## <center>CSE 546: Reinforcement Learning</center>
### <center>Prof. Alina Vereshchaka</center>
#### <center>Spring 2025</center>

Welcome to the Assignment 3, Part 1: Introduction to Actor-Critic Methods! It includes the implementation of simple actor and critic networks and best practices used in modern Actor-Critic algorithms.

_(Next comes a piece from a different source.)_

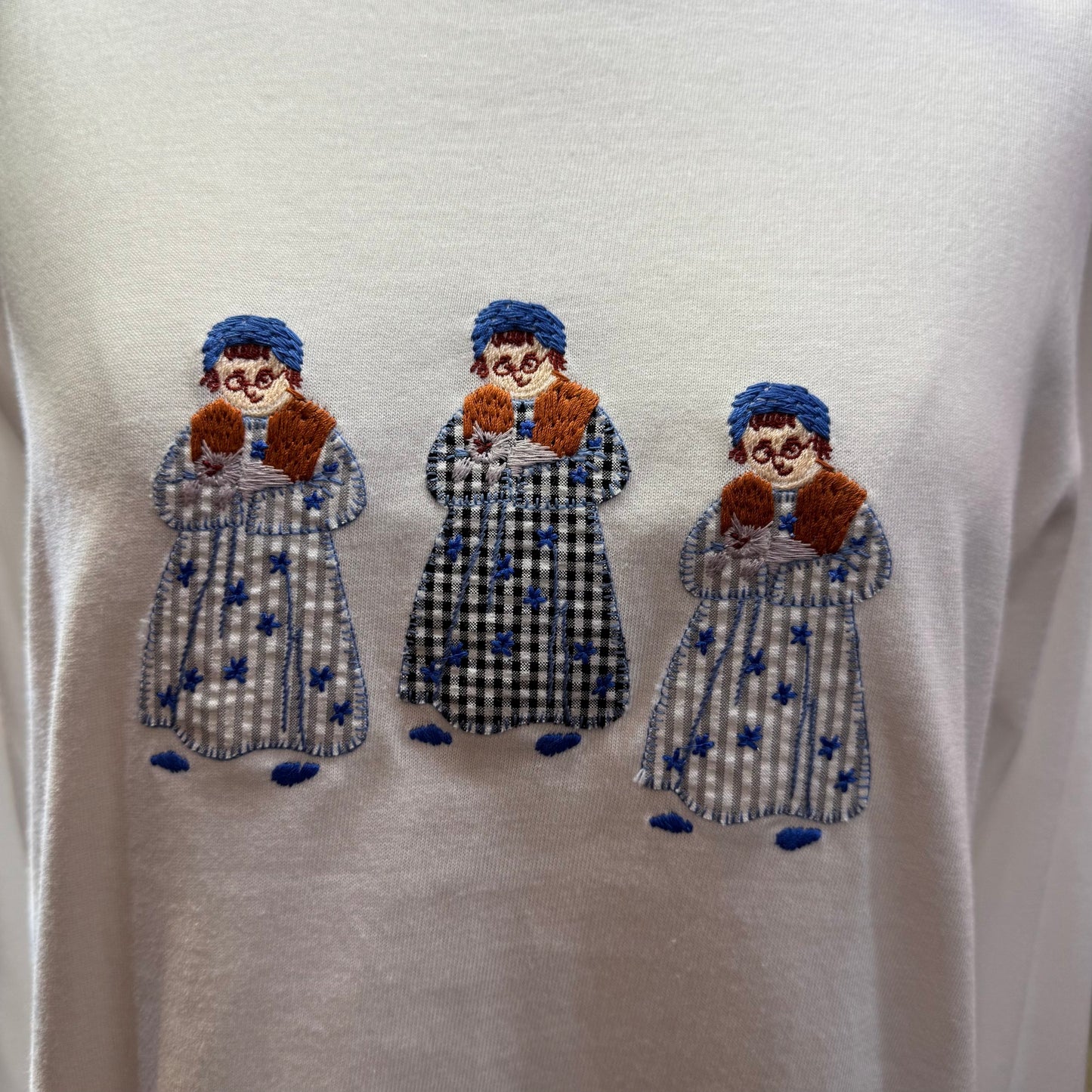 Sale- l'atelier du savon Grandma Embroidery T-shirt, 2 Colors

## Section 0: Setup and Imports

In [30]:
import numpy as np
import torch
import torch.nn as nn
import torch.nn.functional as F
import torch.optim as optim
import gymnasium as gym
import matplotlib.pyplot as plt
from collections import deque
from gymnasium.spaces import Discrete, Box
# Set seed for reproducibility
SEED = 42
np.random.seed(SEED)
torch.manual_seed(SEED)

<torch._C.Generator at 0x108695e90>

## Section 1: Actor-Critic Network Architectures and Loss Computation

In this section, you will explore two common architectural designs for Actor-Critic methods and implement their corresponding loss functions using dummy tensors. These architectures are:
- A. Completely separate actor and critic networks
- B. A shared network with two output heads

Both designs are widely used in practice. Shared networks are often more efficient and generalize better, while separate networks offer more control and flexibility.

---


### Task 1a – Separate Actor and Critic Networks with Loss Function

Define a class `SeparateActorCritic`. Your goal is to:
- Create two completely independent neural networks: one for the actor and one for the critic.
- The actor should output a probability distribution over discrete actions (use `nn.Softmax`).
- The critic should output a single scalar value.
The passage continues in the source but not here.